# PROBLEM
In the records below, find the line containing "La Vie Claire" and print it and every line after it exactly, through the end. Skip pictures.

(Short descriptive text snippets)
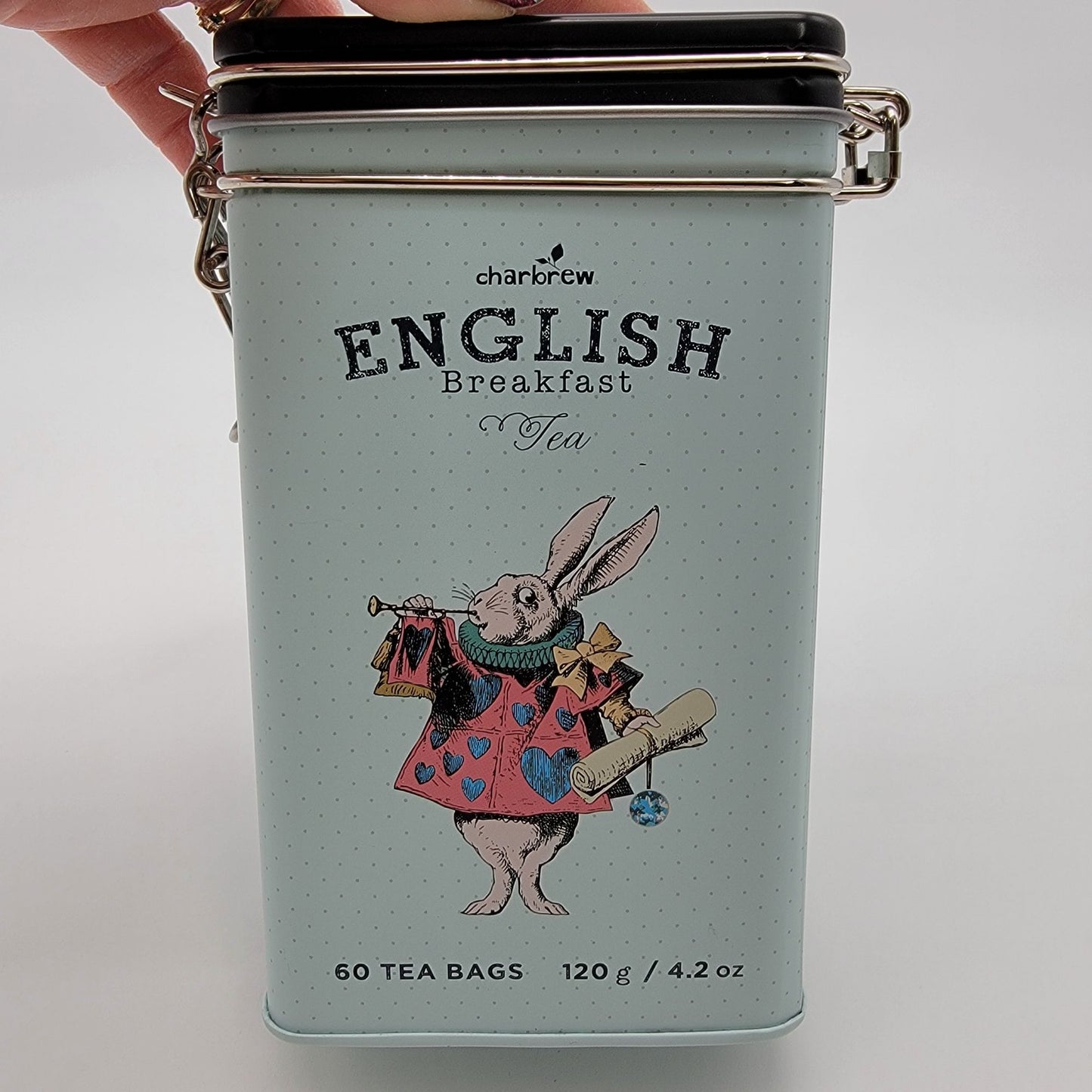 Alice In Wonderland Charbrew English Breakfast Tea Tin - NEW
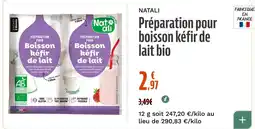 La Vie Claire NATALI Préparation pour boisson kéfir de lait bio offre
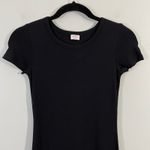Wilfred Aritzia Free Women's Black Crew Neck Go To T-Shirt Dress Size XS Photo 2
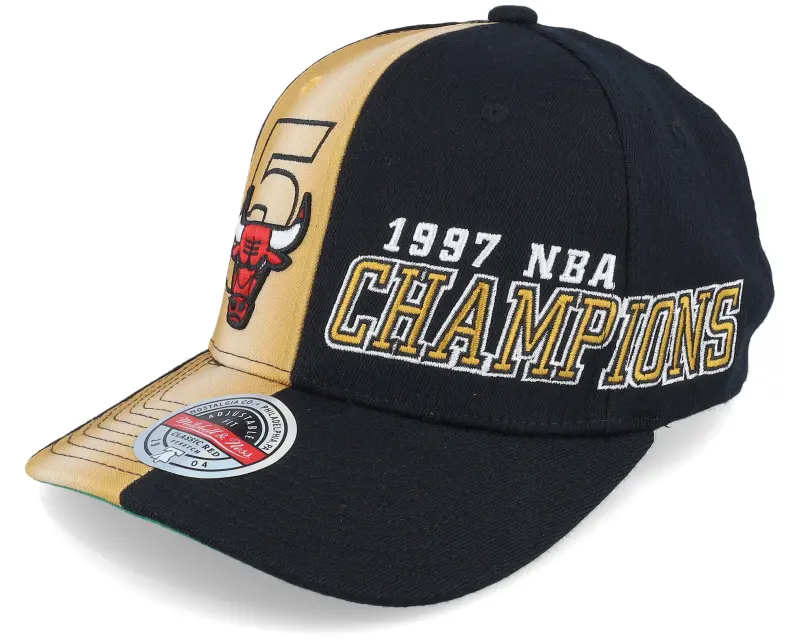 Mitchell & Ness Chicago Bulls 97 Champs Stretch Hwc Black Adjustable online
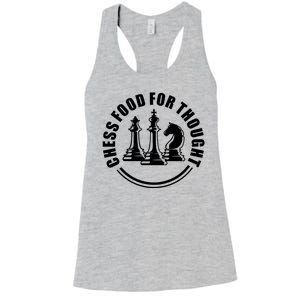 Chess Food For Thought Women's Racerback Tank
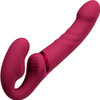 Lovense Lapis App Enabled Silicone Waterproof Rechargeable Double-Ended Vibrating Strapless Strap-On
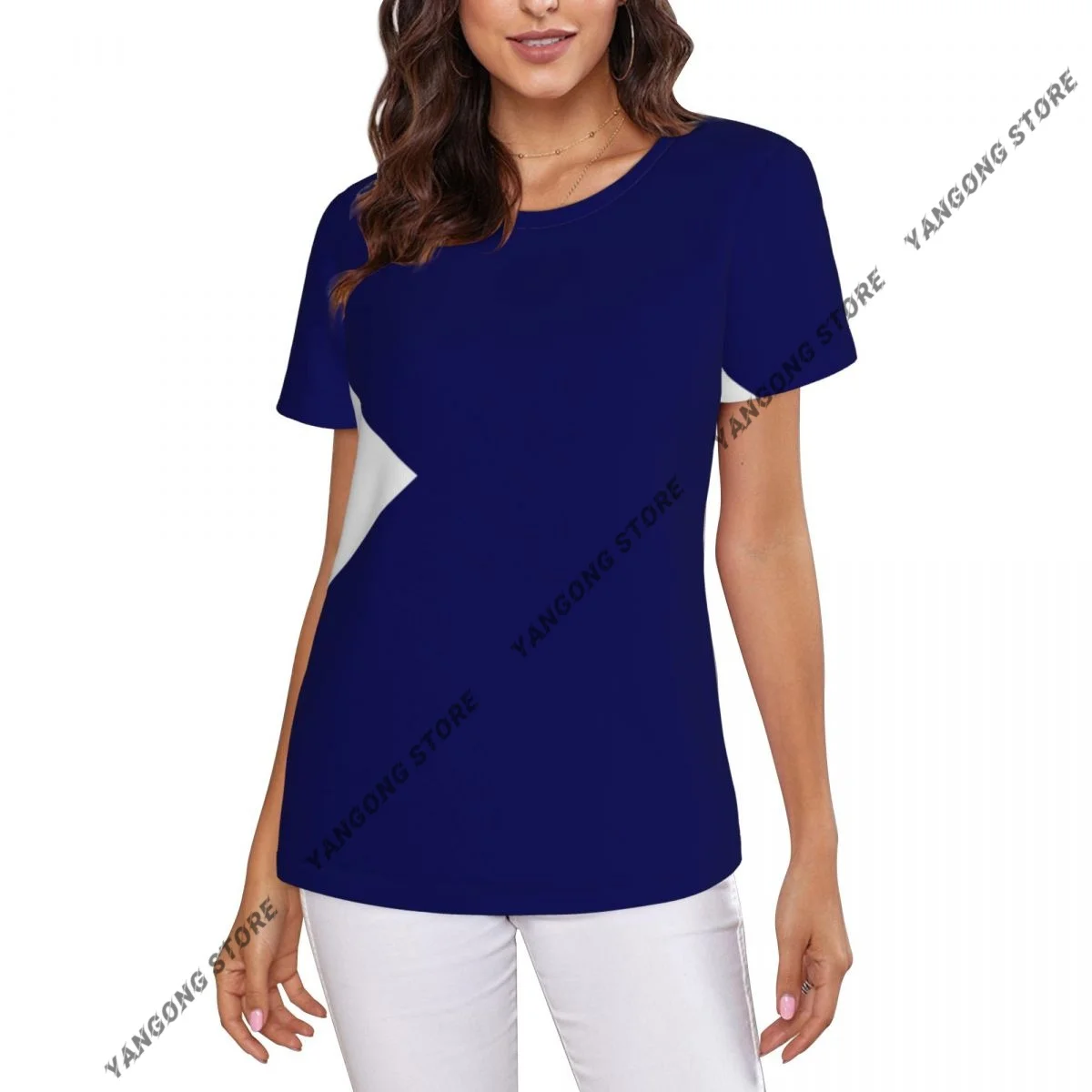 T Shirt Women Commander In Chief At Sea Tee Shirt Casual Round Neck Short Sleeve Streetwear Female T-Shirt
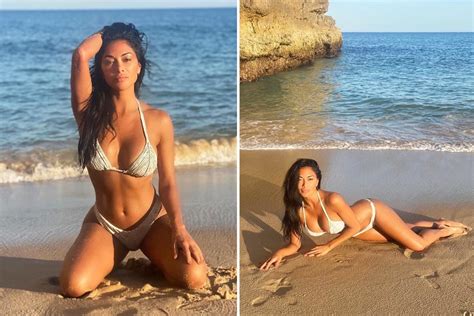 Nicole Scherzinger Shows Off Her Incredible Figure On The Beach In Smouldering New Snaps
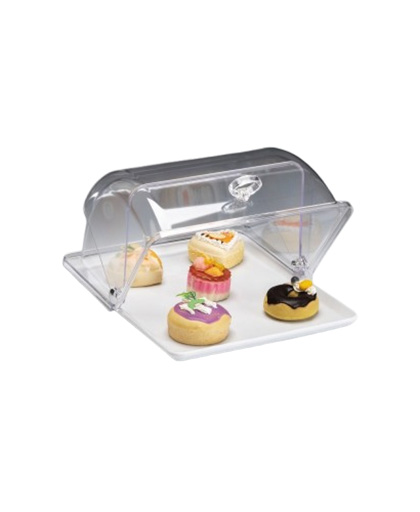 ZCP 863 Melamin Altlı Polycarbonat Roll Top Kapaklı Muhafaza Kabı GN 1/2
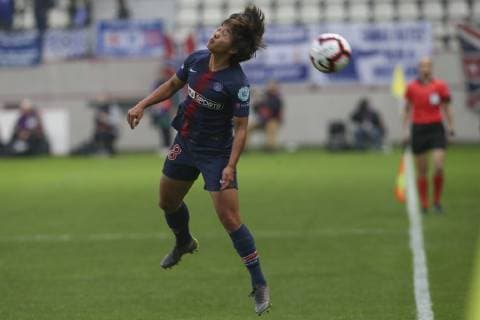 Shuang Wang (PSG) FOOTBALL FEMININ : PSG Vs Chelsea - Ligue des Champions - 27 03 2019 MichaelBaucher Panoramic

# TASK RESULT
 La Vie Claire NATALI Préparation pour boisson kéfir de lait bio offre
Wilfred Aritzia Free Women's Black Crew Neck Go To T-Shirt Dress Size XS Photo 2
 Mitchell & Ness Chicago Bulls 97 Champs Stretch Hwc Black Adjustable online
 Chess Food For Thought Women's Racerback Tank
 Lovense Lapis App Enabled Silicone Waterproof Rechargeable Double-Ended Vibrating Strapless Strap-On
 T Shirt Women Commander In Chief At Sea Tee Shirt Casual Round Neck Short Sleeve Streetwear Female T-Shirt
 Nicole Scherzinger Shows Off Her Incredible Figure On The Beach In Smouldering New Snaps
 ZCP 863 Melamin Altlı Polycarbonat Roll Top Kapaklı Muhafaza Kabı GN 1/2
 Shuang Wang (PSG) FOOTBALL FEMININ : PSG Vs Chelsea - Ligue des Champions - 27 03 2019 MichaelBaucher Panoramic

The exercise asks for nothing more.